Currently, employment-discrimination claims on the basis of sexual orientation or gender identity aren't tracked. If anywhere, these data would come from the Office of Compliance—which is charged with enforcing the Congressional Accountability Act and thus collects discrimination complaints—but since sexual orientation and gender identity aren't protected classes, the office doesn't have data on such violations. And because the act requires that claims remain confidential, it could not disclose if it ever receives such complaints, according to Scott Mulligan, Office of Compliance deputy executive director.
Herein lies a catch-22.
"It's always really tricky," said Sarah Warbelow, the Human Rights Campaign's legal director. "One of the challenges [is] when there are not protections for people under the law, they don't complain because they don't feel that they have a remedy."
But that doesn't mean HRC hasn't heard such complaints. While the advocacy organization doesn't provide direct services, it does receive calls from those with discrimination allegations asking where to turn.
"Over the years, we've definitely received complaints for individuals in all areas of government about experiencing discrimination either based on their sexual orientation and gender identity," Warbelow said.
A societal switch
In addition to Hoyer's sample policy, the LGBT Congressional Staff Association has taken on the issue, informing new and veteran lawmakers of changes they could make to their office policies to expand discrimination protections for their employees.

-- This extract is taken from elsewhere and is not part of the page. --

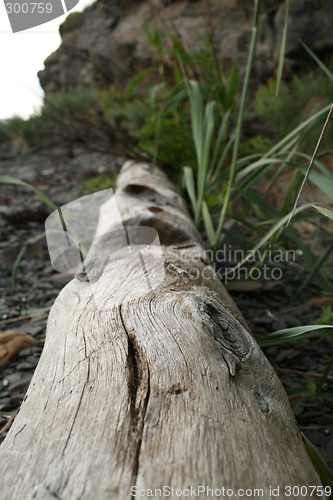 Image of Driftwood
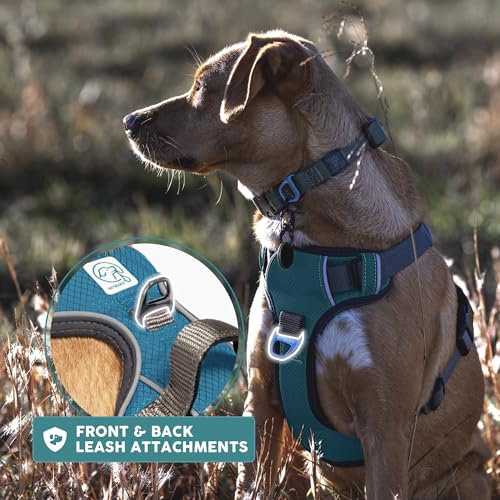 Embark No Pull Dog Harness (M / Blue)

"We've been working to make sure offices know to check their own policies," said Rivard, the association's spokesman, "because some of them very well may not have enumerated provisions for sexual orientation and gender identity even though they may be an ally of the LGBT community and want to protect all their employees. They may just not know."
Many Democratic members include this in writing in their handbook and all practice it on a day-to-day basis, according to Drew Hammill, a spokesman for House Minority Leader Nancy Pelosi.

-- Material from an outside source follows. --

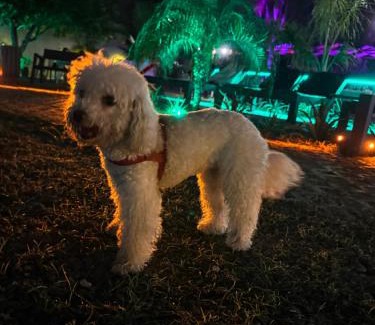 Termas de Rio Hondo Hotel | Pet Friendly Hotel Termal Emperatriz with Pool & Spa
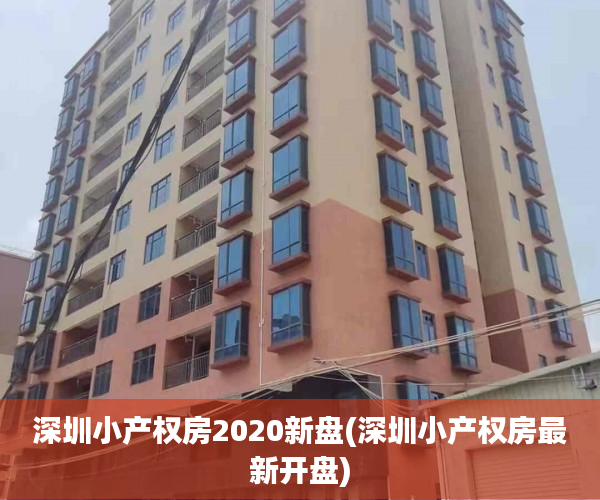 深圳小产权房2020新盘(深圳小产权房最新开盘)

In 2010, the military's "don't ask, don't tell" policy was repealed. In 2013, the Supreme Court struck down a law blocking federal recognition of same-sex marriages. And as of this year, 89 percent of Fortune 500 companies include sexual orientation in their antidiscrimination policies; 66 percent include gender identity, according to HRC's Corporate Equality Index 2015.
"That's a sea change," said former Hill staffer Robert Raben, "but that's a sea change in culture. Congress has had nothing to do with it."

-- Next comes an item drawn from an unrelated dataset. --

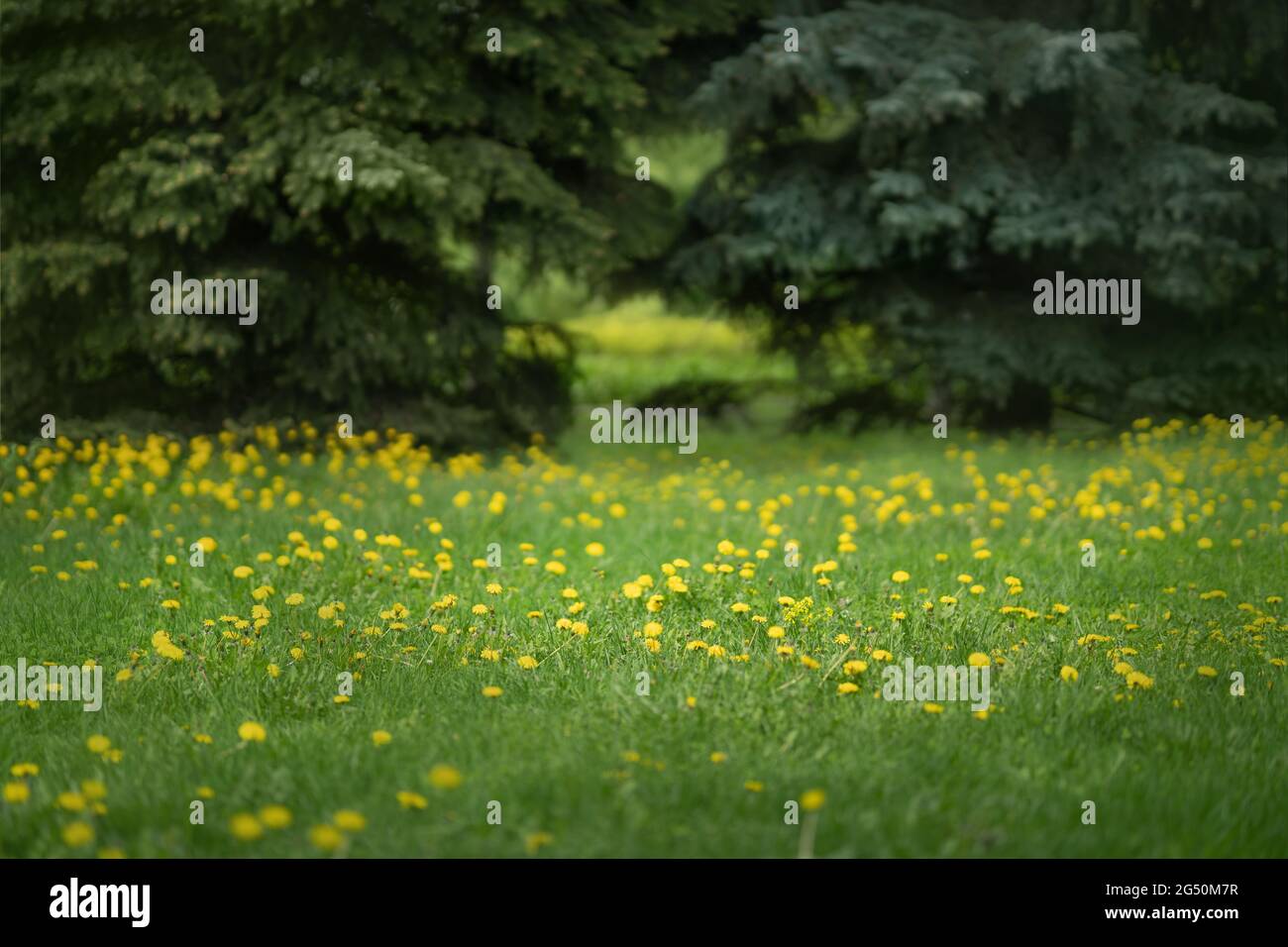 Green lawn in city park Stock Photo - Alamy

This stands in stark contrast to the early 1990s, when Raben helped found the LGBT Congressional Staff Association. That year, some members of the Oklahoma delegation refused to hire LGBT employees. So some aides already working in House offices decided to formally organize, showing the lawmakers the community was already present inside the Capitol. And it started with just a handful of staffers, those who knew their bosses would support them, said Raben, who worked for one of the first openly gay members, Rep. Barney Frank.
"There were dozens and dozens of more closeted men and women who were delighted that we were doing this," Raben said, "but didn't want to put their name on anything."